- EXERCISE DETAILS -
Exactly reproduce the lines from the line bearing "Harley-Davidson Jeans Mens" through the end of the listing, inclusive of both; pictures are to be omitted.

- RECORD EXCERPTS -
————

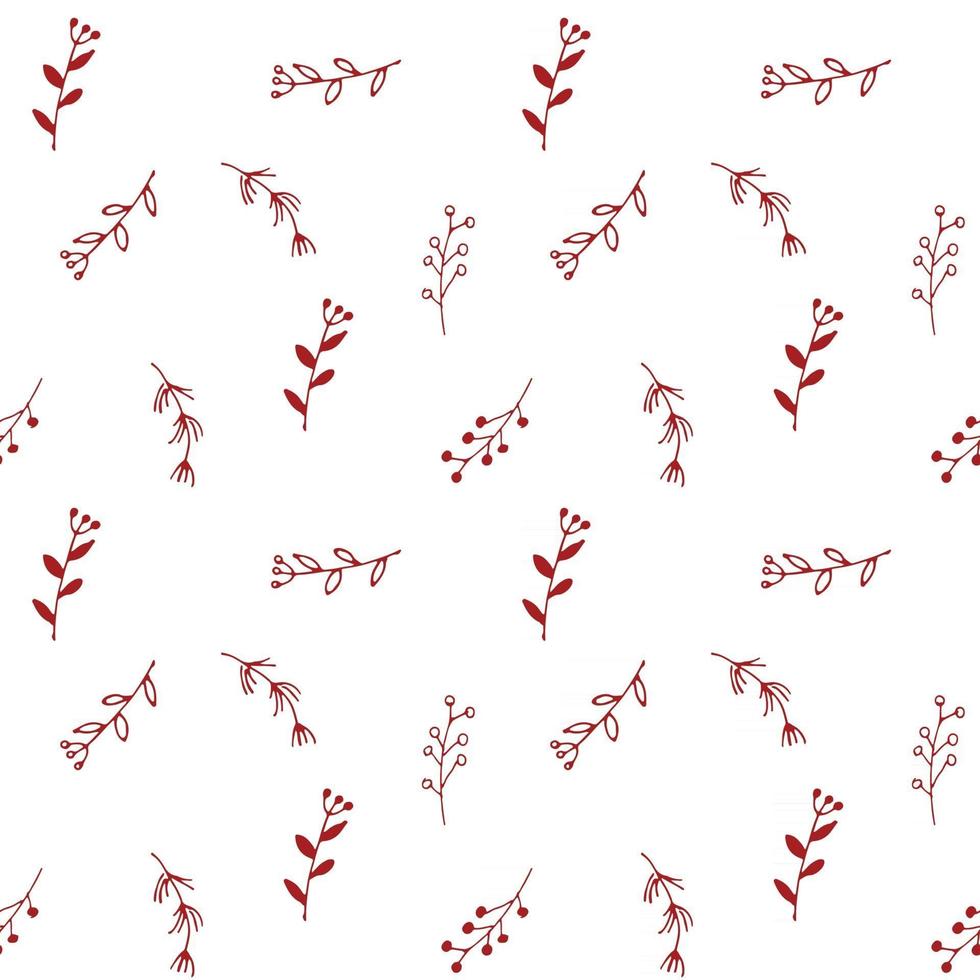ramas dibujadas a mano garabatos de patrones sin fisuras, fondo de decoración de guirnalda de Navidad. ilustración vectorial vector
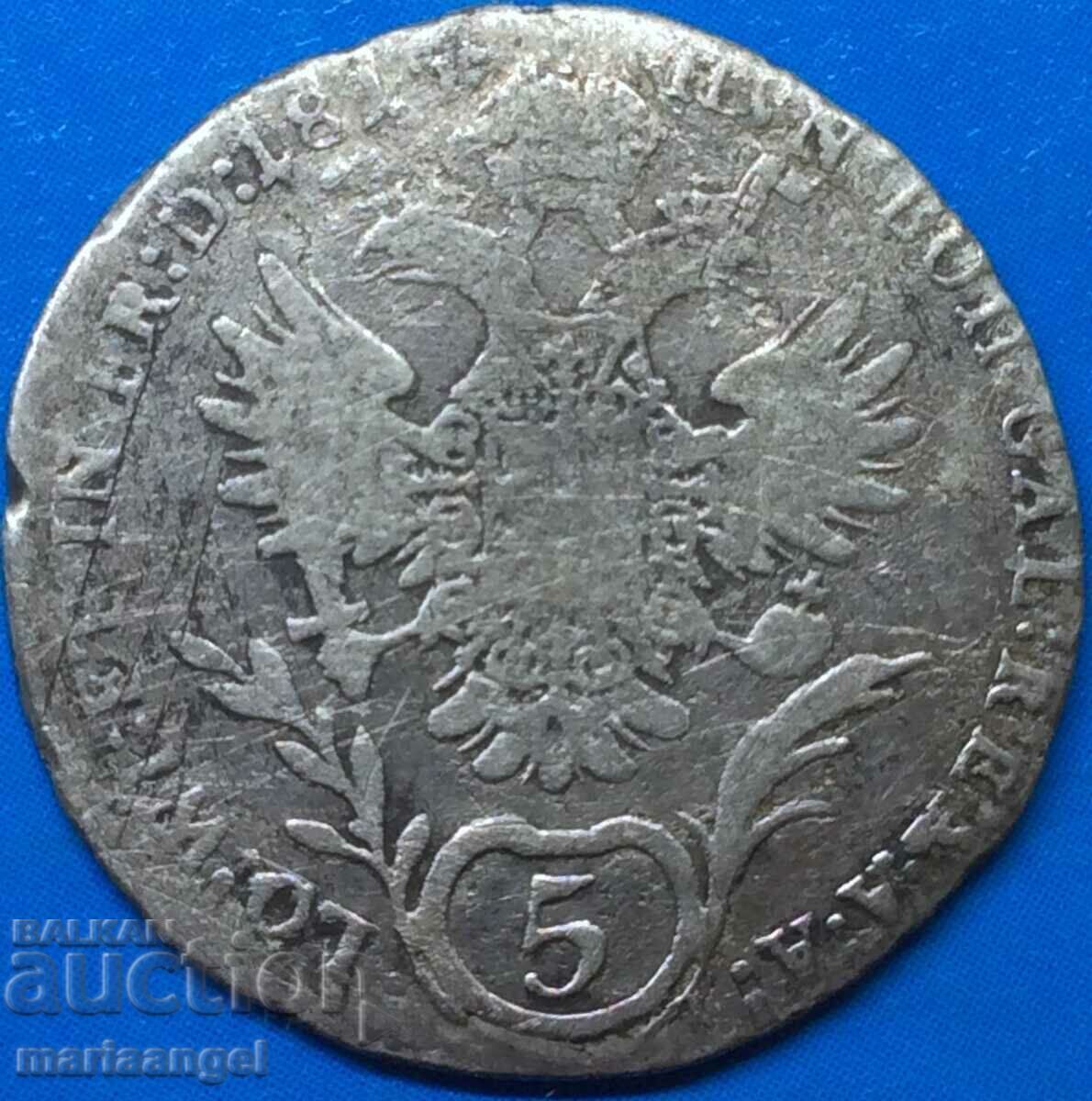 5 Kreuzer 1815 Αυστρία Α-Βιέννη Francis I - αρκετά σπάνιο - 6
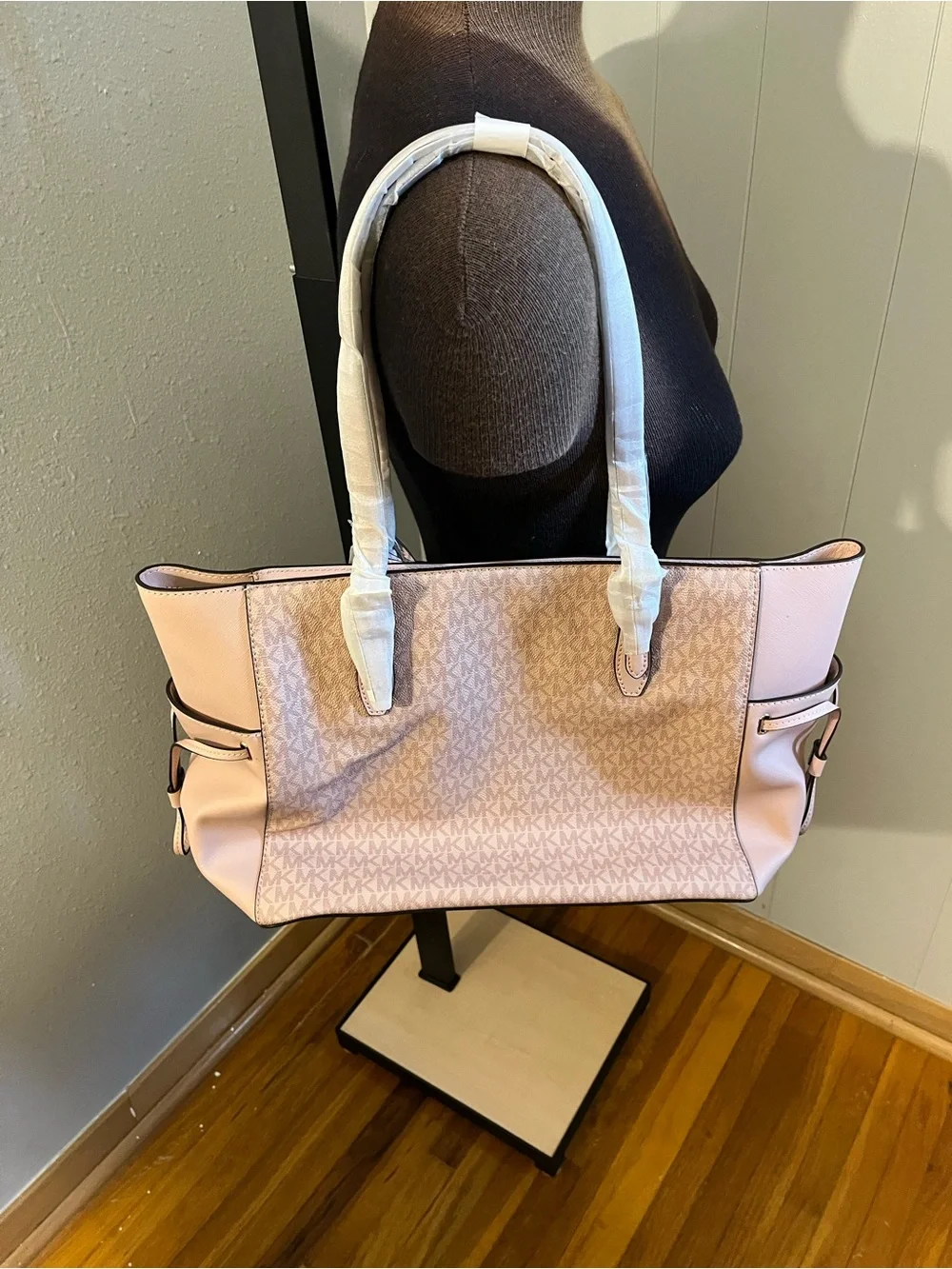 Michael Kors Blush Pink Signature Tote with Logo Charm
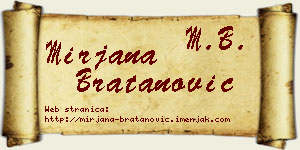 Mirjana Bratanović vizit kartica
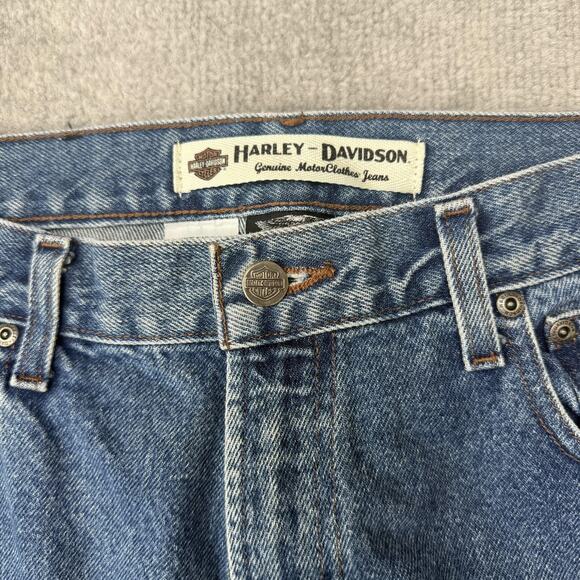 Harley-Davidson Jeans Mens 34x34 Blue Denim MotorClothes Straight Leg 5-Pocket - Picture 5 of 12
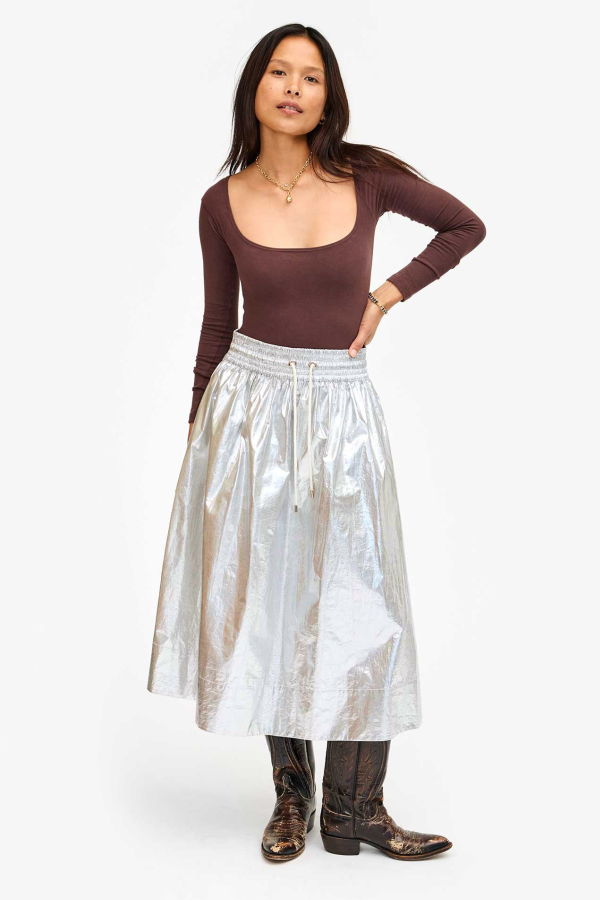 Clare V. Zoelle Skirt - Silver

————

- YOUR SOLUTION -
 Harley-Davidson Jeans Mens 34x34 Blue Denim MotorClothes Straight Leg 5-Pocket - Picture 5 of 12
 Clare V. Zoelle Skirt - Silver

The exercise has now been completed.